Let’s face it. Mitt Romney has no credibility to attack President Barack Obama on the health care law. As President Bill Clinton said, “it takes brass to attack someone for something you did!”
Remember that the individual mandate was a product of the conservative think tank The Heritage Foundation. Republicans are just mad because it was a Democratic President who is working and implementing good ideas regardless of the source. Republicans had their chance to fix the health care system for eight years under Bush and they did nothing. Now, they are just playing politics and being obstructionist at the expense of the country.
Obama is working. Republicans are not.
IF Mitt Romney’s pivots on President’s Obama’s health care reform act have accelerated to a blur — from repealing on Day 1, to preserving this or that piece, to punting the decision to the states — it is for an odd reason buried beneath two and a half years of Republican political condemnations: the architecture of the Affordable Care Act is based on conservative, not liberal, ideas about individual responsibility and the power of market forces.
This fundamental ideological paradox, drowned out by partisan shouting since before the plan’s passage in 2010, explains why Obamacare has only lukewarm support from many liberals, who wanted a real, not imagined, “government takeover of health care.” It explains why Republicans have been unable since its passage to come up with anything better. And it explains why the law is nearly identical in design to the legislation Mr. Romney passed in Massachusetts while governor.
The core drivers of the health care act are market principles formulated by conservative economists, designed to correct structural flaws in our health insurance system — principles originally embraced by Republicans as a market alternative to the Clinton planin the early 1990s. The president’s program extends the current health care system — mostly employer-based coverage, administered by commercial health insurers, with care delivered by fee-for-service doctors and hospitals — by removing the biggest obstacles to that system’s functioning like a competitive marketplace.
Chief among these obstacles are market limitations imposed by the problematic nature of health insurance, which requires that younger, healthier people subsidize older, sicker ones. Because such participation is often expensive and always voluntary, millions have simply opted out, a risky bet emboldened by the 24/7 presence of the heavily subsidized emergency room down the street. The health care law forcibly repatriates these gamblers, along with those who cannot afford to participate in a market that ultimately cross-subsidizes their medical misfortunes anyway, when they get sick and show up in that E.R. And it outlaws discrimination against those who want to participate but cannot because of their medical histories. Put aside the considerable legislative detritus of the act, and its aim is clear: to rationalize a dysfunctional health insurance marketplace.

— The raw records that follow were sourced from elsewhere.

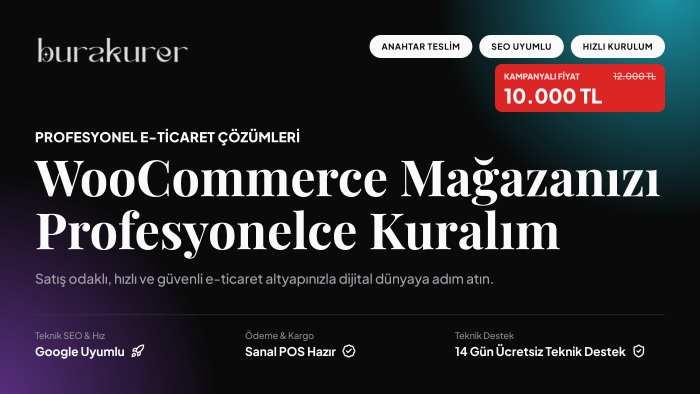profesyonel WooCommerce e-ticaret sitenizi kurarım
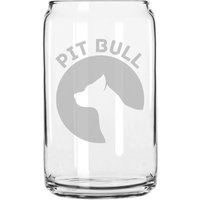 Pit Bull Dog Breed Pride Hand Geätzt 16 Oz Glas Dose Tasse von MilkMugDesigns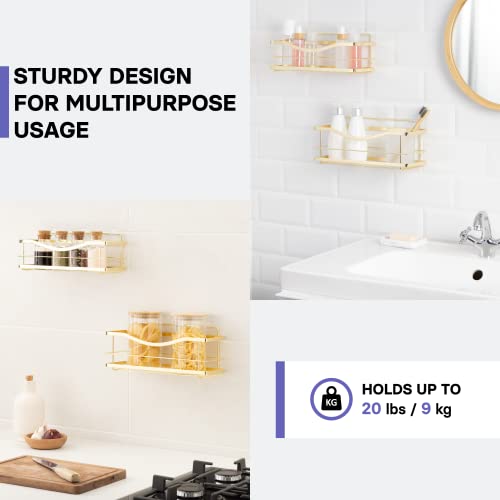 KINCMAX Shower Caddy Organizer - Self Adhesive Wall Shower Shelf - Stainless Steel Bath Shampoo Holder and Storage Rack - color: Gold, size: 2-Pack Caddies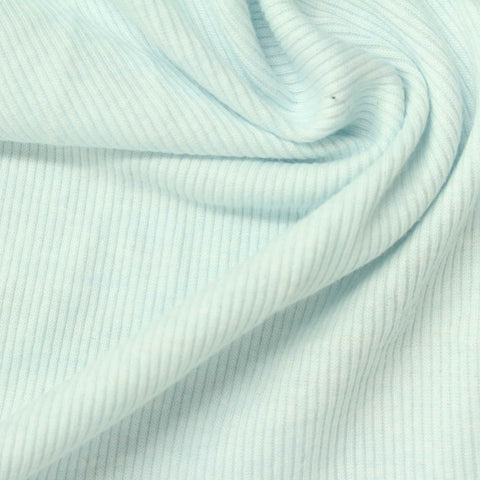 Cotton Polyester Stretch Rib Knit Fabric, 170 gsm — Blue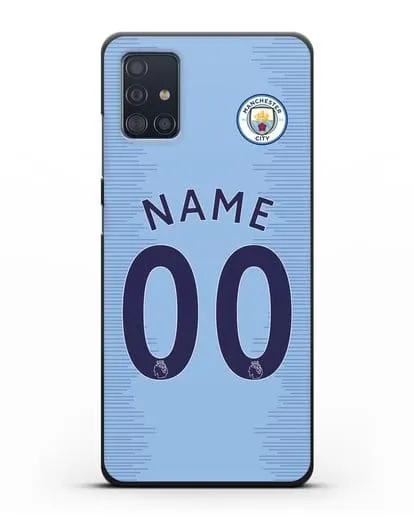Именной чехол ФК Манчестер Сити с фамилией и номером (сезон 2018-2019) голубая форма силиконовый для Samsung Galaxy A51 [SM-A515F]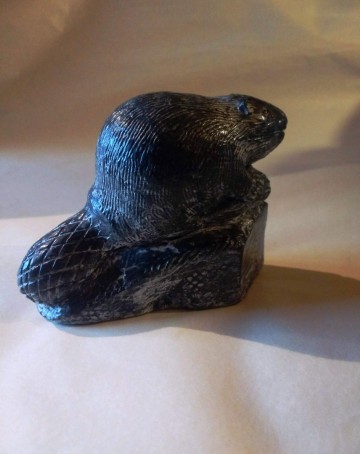 Bever beeldje soapstone   wolfs inuit  8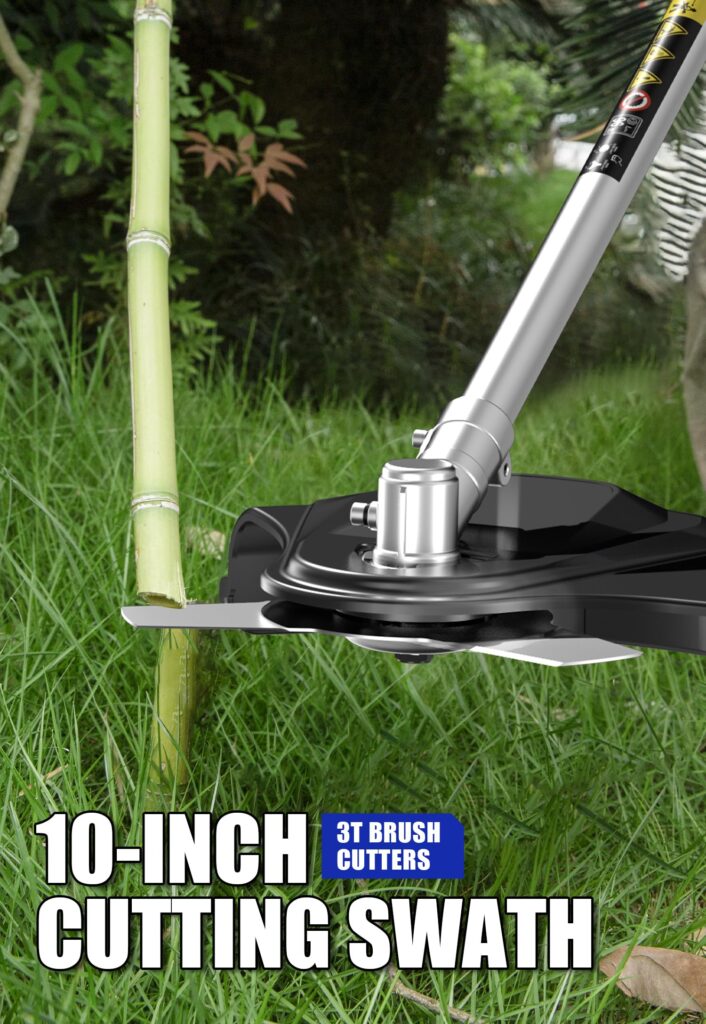 WILD BADGER POWER 40V Cordless Weed Wacker, String Trimmer/Edger, Pole Saw, Hedge Trimmer and Brush Cutter Blade, Attachment Capable 4-in-1 Multi-Tool Kit with 2 * 20V 4Ah Battery and 1*Charger - Image 5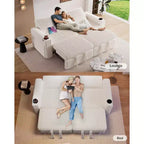 Dyonery 91 Sectional Sleeper Sofa Bed with Pull Out Bed,Reclining Backrest/Two Pull Out Beds/USB Ports/Cup Holders, Plush Corduroy
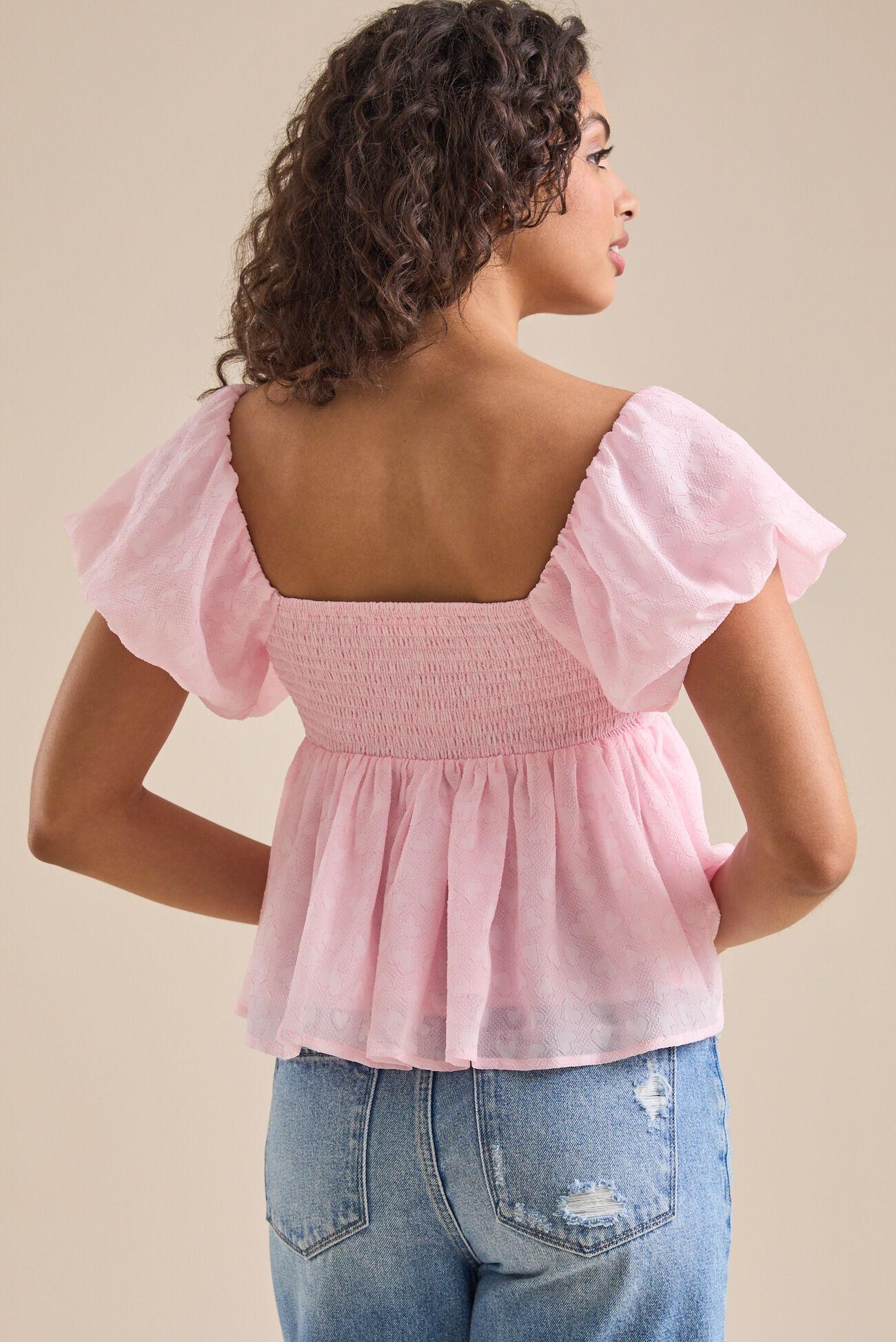 Anne Textured Heart Babydoll Top Product Image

This explains why the health insurance industry has been quietly supporting the plan all along. It levels the playing field and expands the potential market by tens of millions of new customers.
The rationalization and extension of the current market is financed by the other linchpin of the law: the mandate that we all carry health insurance, an idea forged not by liberal social engineers at the Brookings Institution but by conservative economists at the Heritage Foundation. The individual mandate recognizes that millions of Americans who could buy health insurance choose not to, because it requires trading away today’s wants for tomorrow’s needs. The mandate is about personal responsibility — a hallmark of conservative thought.
IN the partisan war sparked by the 2008 election, Republicans conveniently forgot that this was something many of them had supported for years. The only thing wrong with the mandate? Mr. Obama also thought it was a good idea.